| Items from a dataset |
>>>>>

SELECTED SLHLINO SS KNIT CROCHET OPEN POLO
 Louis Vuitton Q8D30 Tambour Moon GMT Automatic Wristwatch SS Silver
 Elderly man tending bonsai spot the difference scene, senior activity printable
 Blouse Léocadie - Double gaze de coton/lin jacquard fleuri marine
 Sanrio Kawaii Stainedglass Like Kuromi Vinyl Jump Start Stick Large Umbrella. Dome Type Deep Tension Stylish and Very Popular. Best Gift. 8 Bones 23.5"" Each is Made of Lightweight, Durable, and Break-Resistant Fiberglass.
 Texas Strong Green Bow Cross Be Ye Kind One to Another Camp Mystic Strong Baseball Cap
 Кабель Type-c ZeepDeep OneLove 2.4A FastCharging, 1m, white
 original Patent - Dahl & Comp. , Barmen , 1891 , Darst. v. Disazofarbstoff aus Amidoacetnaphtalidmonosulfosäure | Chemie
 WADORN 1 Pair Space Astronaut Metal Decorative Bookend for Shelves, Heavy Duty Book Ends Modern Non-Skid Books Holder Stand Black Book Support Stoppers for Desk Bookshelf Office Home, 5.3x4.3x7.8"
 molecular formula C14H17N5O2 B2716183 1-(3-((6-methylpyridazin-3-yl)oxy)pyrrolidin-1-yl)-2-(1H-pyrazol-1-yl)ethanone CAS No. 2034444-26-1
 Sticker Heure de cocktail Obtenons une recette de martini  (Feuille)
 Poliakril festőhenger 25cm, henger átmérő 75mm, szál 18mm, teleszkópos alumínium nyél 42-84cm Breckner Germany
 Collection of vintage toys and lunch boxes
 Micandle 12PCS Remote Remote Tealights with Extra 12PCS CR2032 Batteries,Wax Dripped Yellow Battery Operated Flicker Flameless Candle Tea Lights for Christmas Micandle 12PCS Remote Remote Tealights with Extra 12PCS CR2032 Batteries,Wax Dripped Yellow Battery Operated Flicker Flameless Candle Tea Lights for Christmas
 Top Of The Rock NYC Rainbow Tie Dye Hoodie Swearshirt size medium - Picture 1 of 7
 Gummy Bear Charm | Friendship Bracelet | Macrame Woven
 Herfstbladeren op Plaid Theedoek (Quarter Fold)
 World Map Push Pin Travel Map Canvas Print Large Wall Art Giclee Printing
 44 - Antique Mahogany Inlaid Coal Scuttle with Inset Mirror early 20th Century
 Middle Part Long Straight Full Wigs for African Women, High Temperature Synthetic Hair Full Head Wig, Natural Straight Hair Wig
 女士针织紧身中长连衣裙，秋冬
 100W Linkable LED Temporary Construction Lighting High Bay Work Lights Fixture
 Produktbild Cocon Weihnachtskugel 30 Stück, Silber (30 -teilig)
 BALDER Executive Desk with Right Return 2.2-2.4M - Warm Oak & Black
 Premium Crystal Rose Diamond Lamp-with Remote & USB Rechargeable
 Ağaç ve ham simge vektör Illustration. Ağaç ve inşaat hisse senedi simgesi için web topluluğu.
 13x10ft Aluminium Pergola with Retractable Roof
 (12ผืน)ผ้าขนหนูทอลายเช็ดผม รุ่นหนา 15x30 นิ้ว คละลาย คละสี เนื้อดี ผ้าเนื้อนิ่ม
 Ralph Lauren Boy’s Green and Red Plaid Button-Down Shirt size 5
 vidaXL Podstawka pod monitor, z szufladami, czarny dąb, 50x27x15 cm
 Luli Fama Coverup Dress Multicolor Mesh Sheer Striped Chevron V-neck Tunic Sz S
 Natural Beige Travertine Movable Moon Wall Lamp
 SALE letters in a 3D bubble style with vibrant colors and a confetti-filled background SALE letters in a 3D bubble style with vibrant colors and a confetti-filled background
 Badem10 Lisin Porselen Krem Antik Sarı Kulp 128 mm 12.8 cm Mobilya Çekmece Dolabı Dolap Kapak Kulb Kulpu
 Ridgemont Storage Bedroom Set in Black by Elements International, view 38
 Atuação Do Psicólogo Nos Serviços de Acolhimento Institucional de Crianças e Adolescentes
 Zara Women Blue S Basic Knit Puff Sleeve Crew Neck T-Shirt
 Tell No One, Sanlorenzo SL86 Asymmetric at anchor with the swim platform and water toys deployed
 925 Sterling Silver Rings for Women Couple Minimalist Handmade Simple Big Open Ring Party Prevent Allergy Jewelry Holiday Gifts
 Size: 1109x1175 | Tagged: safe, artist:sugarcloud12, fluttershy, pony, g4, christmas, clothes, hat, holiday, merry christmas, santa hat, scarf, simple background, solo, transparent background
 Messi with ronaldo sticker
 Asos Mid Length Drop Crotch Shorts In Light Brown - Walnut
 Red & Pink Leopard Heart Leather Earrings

<<<<<

| What to work on |
How many of the lines above include the string "Moon"? Only the number should be written.

| Exercise solution |
2